Reproduce exactly the lines of the material beneath, from the line that contains "-风光老灶麻辣香锅(大成路翠微百货店)" to the line that contains "An English 4-piece", both included, and no other lines.

# DATA RECORDS
--------------------------------
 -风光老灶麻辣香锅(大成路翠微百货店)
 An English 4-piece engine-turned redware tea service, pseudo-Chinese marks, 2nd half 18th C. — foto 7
--------------------------------
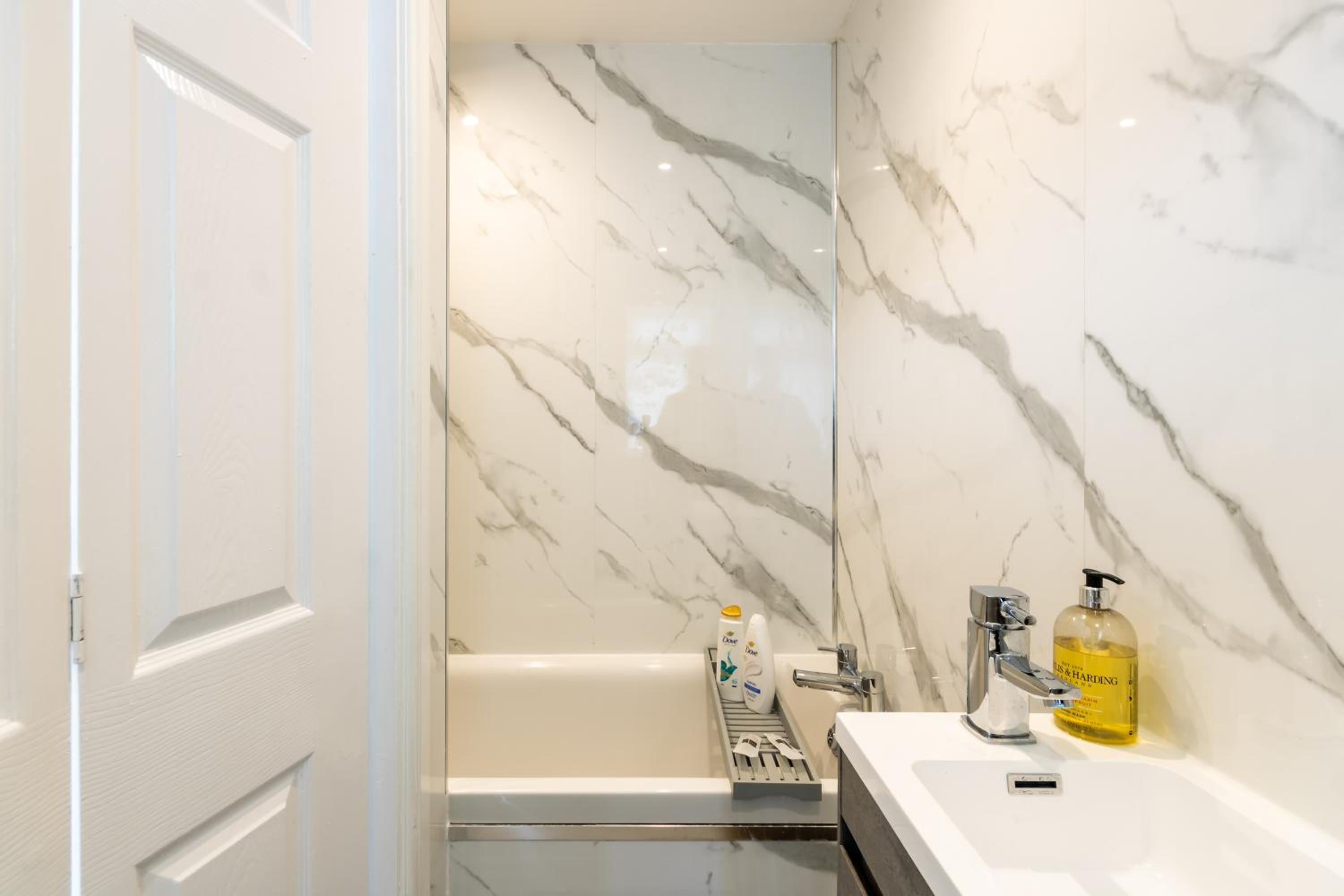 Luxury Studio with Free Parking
--------------------------------
# RESULT
 -风光老灶麻辣香锅(大成路翠微百货店)
 An English 4-piece engine-turned redware tea service, pseudo-Chinese marks, 2nd half 18th C. — foto 7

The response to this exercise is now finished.